I'd be very supportive of adding something like this to Bazel's APIs.

comius commented 1 year ago

cc @hvadehra @brandjon

comius commented 1 year ago

Examples:

def map(val):
  if val == "//xx":
   return "//yy"
  return val

map_values(map, ["//xx","//zz"]) == ["//xx", "//yy"]
map_values(map, select({"//c1": "//xx", "//conditions:default": "//zz"}))
    == select({"//c1": "//yy", "//conditions:default": "//zz"})

map_values(not, select({"//c1": True, "//conditions:default": False}))
    == select({"//c1": False, "//conditions:default": True})
brentleyjones commented 1 year ago

Can it be extended to work with dict as well? That's where I've seen map_values used before, and would make sense in addition to list support.

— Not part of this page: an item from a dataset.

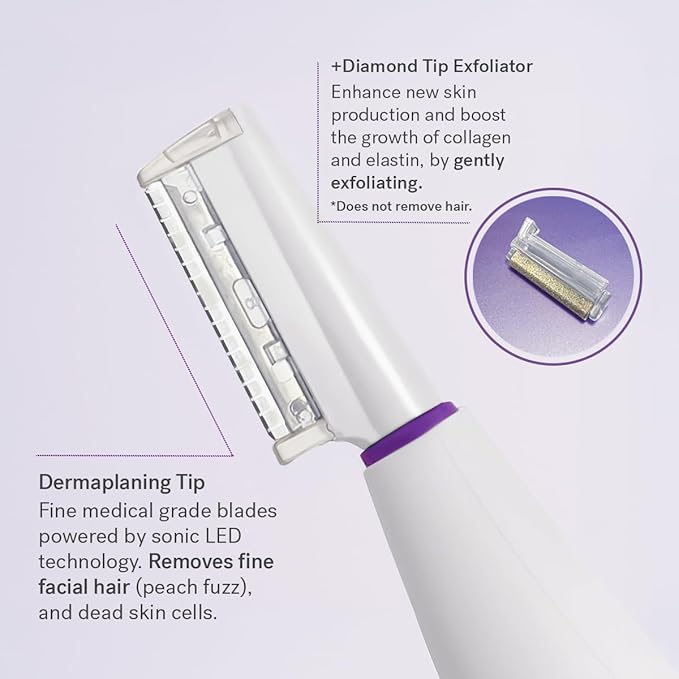 Michael Todd Beauty Sonicsmooth Pro+ Dermaplane Razor for Women Face + Eyebrow trimmer Dermaplaning System w/LED Light Peach Fuzz Remover -16 Dermaplaning Blades & 2 Microsmooth Exfoliation Tips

fmeum commented 1 year ago

I would prefer this function to preserve the structure of the values of the select dict rather than magically traversing them. Select values can be lists or even dicts themselves, which would make this mode's precise operation hard to predict.

In other words, map_values should just be function(attribute) if type(attribute) != "select" and otherwise traverse the elements of the SelectorList. We might call it map_attr instead.

I implemented this function in Starlark (which is a tour de force) and found it to be quite useful.

gregestren commented 11 months ago

Recapping, as I understand:

fmeum commented 11 months ago

But it's less powerful. In particular, adding or removing elements is awkward / impossible. As is basically any other restructuring of the input. (append() partially support this. I thought items() would to but @fmeum you suggested earlier it wouldn't?)

@gregestren Yes, my main concern is that I can't think of an API for items() that would allow it to distinguish between a dict arising as an unconditional attribute value and one that is the representation of a select. More concretely, what would you want items() to return for these three attribute value:

{"//:foo": "bar"}
select({"//:foo": "bar"})
select({"//:condition": {"//:foo": "bar"}})
gregestren commented 11 months ago

I imagine upcoming symbolic macros is going to up-prioritize this.

We seem to have a reasonable sense of the basic approaches and their limits. I'd think we want to be as clear as we can on what use cases are actually important (I recognize @fmeum and others made that point upthread), then build the solution around them.

Can we poll users in some thread and ping all the related issues on this subject and collect feedback?